**EXERCISE INSTRUCTIONS**: Each line below needs to be printed again exactly.

**DATA FOR ANALYSIS**:
# # # # #

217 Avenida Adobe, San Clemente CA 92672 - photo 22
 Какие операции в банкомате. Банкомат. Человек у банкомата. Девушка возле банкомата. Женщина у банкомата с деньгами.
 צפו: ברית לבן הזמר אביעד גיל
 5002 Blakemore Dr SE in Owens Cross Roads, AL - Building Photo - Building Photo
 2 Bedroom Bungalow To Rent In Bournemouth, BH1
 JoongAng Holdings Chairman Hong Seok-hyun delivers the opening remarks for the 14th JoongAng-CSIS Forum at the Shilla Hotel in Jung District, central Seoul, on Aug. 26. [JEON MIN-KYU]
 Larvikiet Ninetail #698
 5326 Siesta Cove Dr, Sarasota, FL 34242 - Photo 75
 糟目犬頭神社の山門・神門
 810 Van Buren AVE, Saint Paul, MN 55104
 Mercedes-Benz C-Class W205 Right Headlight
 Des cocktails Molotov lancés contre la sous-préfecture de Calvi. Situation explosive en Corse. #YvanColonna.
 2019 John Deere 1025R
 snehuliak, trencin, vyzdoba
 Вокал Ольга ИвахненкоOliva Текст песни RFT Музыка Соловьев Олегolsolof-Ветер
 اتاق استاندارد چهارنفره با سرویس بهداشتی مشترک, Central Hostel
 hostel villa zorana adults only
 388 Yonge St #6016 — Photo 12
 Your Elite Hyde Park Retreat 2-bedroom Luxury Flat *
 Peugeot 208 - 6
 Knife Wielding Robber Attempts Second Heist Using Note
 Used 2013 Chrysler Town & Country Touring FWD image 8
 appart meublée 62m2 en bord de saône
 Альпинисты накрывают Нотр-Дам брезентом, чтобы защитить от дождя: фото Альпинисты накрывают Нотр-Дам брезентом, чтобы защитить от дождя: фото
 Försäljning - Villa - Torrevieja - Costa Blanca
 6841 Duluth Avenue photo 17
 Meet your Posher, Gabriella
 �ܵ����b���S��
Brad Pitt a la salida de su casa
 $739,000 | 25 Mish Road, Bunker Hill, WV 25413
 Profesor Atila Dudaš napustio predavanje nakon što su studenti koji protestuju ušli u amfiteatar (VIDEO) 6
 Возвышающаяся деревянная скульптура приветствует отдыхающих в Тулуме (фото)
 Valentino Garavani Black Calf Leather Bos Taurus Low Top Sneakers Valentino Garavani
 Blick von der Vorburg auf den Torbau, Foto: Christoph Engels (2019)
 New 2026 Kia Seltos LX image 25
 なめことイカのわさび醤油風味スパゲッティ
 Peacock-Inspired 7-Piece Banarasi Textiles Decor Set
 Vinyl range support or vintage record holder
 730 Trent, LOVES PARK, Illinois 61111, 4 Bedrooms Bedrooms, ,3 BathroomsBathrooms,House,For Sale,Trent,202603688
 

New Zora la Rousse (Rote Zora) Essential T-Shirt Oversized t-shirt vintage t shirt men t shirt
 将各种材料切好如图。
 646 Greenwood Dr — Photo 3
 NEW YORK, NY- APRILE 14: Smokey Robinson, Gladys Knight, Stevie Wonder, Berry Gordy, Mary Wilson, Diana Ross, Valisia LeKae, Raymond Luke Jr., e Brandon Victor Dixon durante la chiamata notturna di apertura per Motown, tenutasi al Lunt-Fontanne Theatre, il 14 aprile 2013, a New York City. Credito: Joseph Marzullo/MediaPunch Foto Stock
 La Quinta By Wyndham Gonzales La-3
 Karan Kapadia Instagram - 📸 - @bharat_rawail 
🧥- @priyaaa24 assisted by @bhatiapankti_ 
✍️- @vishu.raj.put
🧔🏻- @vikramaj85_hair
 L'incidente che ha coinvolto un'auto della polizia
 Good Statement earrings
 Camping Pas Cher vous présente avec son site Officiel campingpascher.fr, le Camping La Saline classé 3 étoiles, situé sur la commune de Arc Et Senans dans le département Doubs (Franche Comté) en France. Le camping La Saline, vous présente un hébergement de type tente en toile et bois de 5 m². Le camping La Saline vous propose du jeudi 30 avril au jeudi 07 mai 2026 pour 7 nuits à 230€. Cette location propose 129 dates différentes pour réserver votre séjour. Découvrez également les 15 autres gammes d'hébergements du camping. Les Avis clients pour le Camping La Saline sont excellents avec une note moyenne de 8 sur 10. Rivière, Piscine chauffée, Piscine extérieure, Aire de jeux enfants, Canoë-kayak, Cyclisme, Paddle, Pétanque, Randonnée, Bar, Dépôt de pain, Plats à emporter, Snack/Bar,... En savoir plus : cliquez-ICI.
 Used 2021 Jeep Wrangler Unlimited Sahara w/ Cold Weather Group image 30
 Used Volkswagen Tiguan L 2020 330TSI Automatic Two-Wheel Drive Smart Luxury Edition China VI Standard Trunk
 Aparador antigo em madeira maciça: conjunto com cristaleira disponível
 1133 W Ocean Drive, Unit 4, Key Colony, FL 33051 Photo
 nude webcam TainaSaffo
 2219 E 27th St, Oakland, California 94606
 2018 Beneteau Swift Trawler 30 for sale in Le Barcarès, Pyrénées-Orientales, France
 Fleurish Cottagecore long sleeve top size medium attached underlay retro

# # # # #

**EXERCISE SOLUTION**:
217 Avenida Adobe, San Clemente CA 92672 - photo 22
 Какие операции в банкомате. Банкомат. Человек у банкомата. Девушка возле банкомата. Женщина у банкомата с деньгами.
 צפו: ברית לבן הזמר אביעד גיל
 5002 Blakemore Dr SE in Owens Cross Roads, AL - Building Photo - Building Photo
 2 Bedroom Bungalow To Rent In Bournemouth, BH1
 JoongAng Holdings Chairman Hong Seok-hyun delivers the opening remarks for the 14th JoongAng-CSIS Forum at the Shilla Hotel in Jung District, central Seoul, on Aug. 26. [JEON MIN-KYU]
 Larvikiet Ninetail #698
 5326 Siesta Cove Dr, Sarasota, FL 34242 - Photo 75
 糟目犬頭神社の山門・神門
 810 Van Buren AVE, Saint Paul, MN 55104
 Mercedes-Benz C-Class W205 Right Headlight
 Des cocktails Molotov lancés contre la sous-préfecture de Calvi. Situation explosive en Corse. #YvanColonna.
 2019 John Deere 1025R
 snehuliak, trencin, vyzdoba
 Вокал Ольга ИвахненкоOliva Текст песни RFT Музыка Соловьев Олегolsolof-Ветер
 اتاق استاندارد چهارنفره با سرویس بهداشتی مشترک, Central Hostel
 hostel villa zorana adults only
 388 Yonge St #6016 — Photo 12
 Your Elite Hyde Park Retreat 2-bedroom Luxury Flat *
 Peugeot 208 - 6
 Knife Wielding Robber Attempts Second Heist Using Note
 Used 2013 Chrysler Town & Country Touring FWD image 8
 appart meublée 62m2 en bord de saône
 Альпинисты накрывают Нотр-Дам брезентом, чтобы защитить от дождя: фото Альпинисты накрывают Нотр-Дам брезентом, чтобы защитить от дождя: фото
 Försäljning - Villa - Torrevieja - Costa Blanca
 6841 Duluth Avenue photo 17
 Meet your Posher, Gabriella
 �ܵ����b���S��
Brad Pitt a la salida de su casa
 $739,000 | 25 Mish Road, Bunker Hill, WV 25413
 Profesor Atila Dudaš napustio predavanje nakon što su studenti koji protestuju ušli u amfiteatar (VIDEO) 6
 Возвышающаяся деревянная скульптура приветствует отдыхающих в Тулуме (фото)
 Valentino Garavani Black Calf Leather Bos Taurus Low Top Sneakers Valentino Garavani
 Blick von der Vorburg auf den Torbau, Foto: Christoph Engels (2019)
 New 2026 Kia Seltos LX image 25
 なめことイカのわさび醤油風味スパゲッティ
 Peacock-Inspired 7-Piece Banarasi Textiles Decor Set
 Vinyl range support or vintage record holder
 730 Trent, LOVES PARK, Illinois 61111, 4 Bedrooms Bedrooms, ,3 BathroomsBathrooms,House,For Sale,Trent,202603688
 

New Zora la Rousse (Rote Zora) Essential T-Shirt Oversized t-shirt vintage t shirt men t shirt
 将各种材料切好如图。
 646 Greenwood Dr — Photo 3
 NEW YORK, NY- APRILE 14: Smokey Robinson, Gladys Knight, Stevie Wonder, Berry Gordy, Mary Wilson, Diana Ross, Valisia LeKae, Raymond Luke Jr., e Brandon Victor Dixon durante la chiamata notturna di apertura per Motown, tenutasi al Lunt-Fontanne Theatre, il 14 aprile 2013, a New York City. Credito: Joseph Marzullo/MediaPunch Foto Stock
 La Quinta By Wyndham Gonzales La-3
 Karan Kapadia Instagram - 📸 - @bharat_rawail 
🧥- @priyaaa24 assisted by @bhatiapankti_ 
✍️- @vishu.raj.put
🧔🏻- @vikramaj85_hair
 L'incidente che ha coinvolto un'auto della polizia
 Good Statement earrings
 Camping Pas Cher vous présente avec son site Officiel campingpascher.fr, le Camping La Saline classé 3 étoiles, situé sur la commune de Arc Et Senans dans le département Doubs (Franche Comté) en France. Le camping La Saline, vous présente un hébergement de type tente en toile et bois de 5 m². Le camping La Saline vous propose du jeudi 30 avril au jeudi 07 mai 2026 pour 7 nuits à 230€. Cette location propose 129 dates différentes pour réserver votre séjour. Découvrez également les 15 autres gammes d'hébergements du camping. Les Avis clients pour le Camping La Saline sont excellents avec une note moyenne de 8 sur 10. Rivière, Piscine chauffée, Piscine extérieure, Aire de jeux enfants, Canoë-kayak, Cyclisme, Paddle, Pétanque, Randonnée, Bar, Dépôt de pain, Plats à emporter, Snack/Bar,... En savoir plus : cliquez-ICI.
 Used 2021 Jeep Wrangler Unlimited Sahara w/ Cold Weather Group image 30
 Used Volkswagen Tiguan L 2020 330TSI Automatic Two-Wheel Drive Smart Luxury Edition China VI Standard Trunk
 Aparador antigo em madeira maciça: conjunto com cristaleira disponível
 1133 W Ocean Drive, Unit 4, Key Colony, FL 33051 Photo
 nude webcam TainaSaffo
 2219 E 27th St, Oakland, California 94606
 2018 Beneteau Swift Trawler 30 for sale in Le Barcarès, Pyrénées-Orientales, France
 Fleurish Cottagecore long sleeve top size medium attached underlay retro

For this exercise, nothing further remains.